Morning Thanks

Garrison Keillor once said we'd all be better off if we all started the day by giving thanks for just one thing. I'll try.

Monday, April 18, 2016

Book report--Elizabeth Strout's My Name is Lucy Barton



Disappointing, I thought, and I'll tell you why. 

I loved Olive Kitteridge, Elizabeth Strout's bundle of stories about an indefatigable woman whose pushy zany-ness was both a marvel and a blessing. Olive Kitteridge was a character you didn't need to like in order to love. 

Apparently, I was not the only reader in North America who thought so. Olive Kitteridge won the Pulitzer in 2009. That's affirmation.

My Name is Lucy Barton, Strout's most recent novel (2016), features a character I could neither love nor like, and the reason is this haunting sense that she's not telling the whole story. Look, in literature as in life it's somewhat rare to get the whole story from any aggrieved story-teller. Someone tells us an incredibly sad or disappointing story about him or herself, and most of us, no matter how sympathetic, can't help but wonder whether there's not more deliberately left unsaid, even another side. We can cry with the hurt and the lonely and still wonder how the bad guys might spin the same stories. 

Lucy Barton scares me because I can't help thinking she's being deceitful, and in the most dreadful way: she may well be lying to herself about herself. What that means, of course, is that I don't trust her. In this novel, I don't trust the storyteller.

Now the unreliable narrator has become a much beloved character these days. Writers create all kinds of wondrous possibilities by using narrators whose rendition of things seems scanty. We know the role because we're that way ourselves. None of us can be trusted to tell a story with divine objectivity because we're not divine. We all spin, especially when it comes to intimacy. None of our stories can ever be trusted totally.

But when the holes gape too much, distrust makes us wary; and I spent too much time being really wary of Lucy Barton's spin on those closest to her. Halfway through already, my BS meter started buzzing and not always softly; and when it did, I found myself half a continent away from Lucy's heart. That kind of distance is dangerous in a novel that's so deeply dependent on the voice of the teller.

When it's all said and done, Lucy Barton wants us to believe that she loved her mother deeply. Deeply. I didn't believe it, and still don't. Elizabeth Strout gives us cause for Lucy's estrangement--abuse and poverty--but most of us know people who've suffered far worse and come out less scarred. There's more to the story, more than we're not hearing.

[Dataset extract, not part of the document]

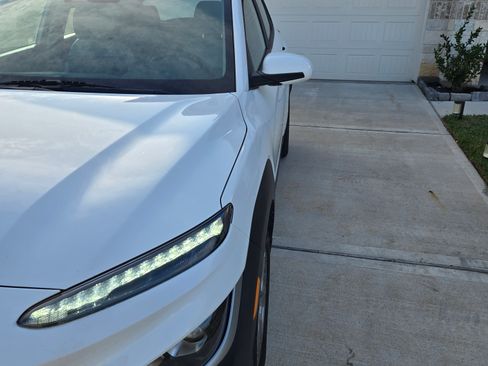 Used 2022 Hyundai Kona SE image 6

That Elizabeth Strout knows her way around the human character is amply proven by her own masterful stories, but Lucy Barton leaves too much unsaid. You can't help but be interested in the matters of the human heart Lucy tells us, but I, for once, came away leery. 

One New Years Eve many, many years ago, we sat with a woman in the middle of a marriage that seemed to be unraveling. We knew her through church, which means Judgment was sitting there beside the three of us too: it was the estranged woman, my wife, me, and guilt--hers. When we accepted her invitation, we didn't know she needed to vent, but she did. So we spent New Years Eve, our first by the way, in the confessional. 

I was a kid, we'd been married for six months, but I couldn't help thinking there was more to the story. We left shaking our heads. 

Does that woman deserve a story? Certainly. She's as human any of us. In a novel, should we have to trust her? Not really--library shelves are full of unreliable narrators.

But Elizabeth Strout can't expect that a character like Lucy Barton will be loved. Even liked. Speaking for myself, when Lucy stopped talking, I was shaking my head. I didn't believe her.

Am I glad I read the book? Yes. Would I recommend it? Sure. Was I moved? I was as skeptical as I was one bad New Years Eve a lifetime ago.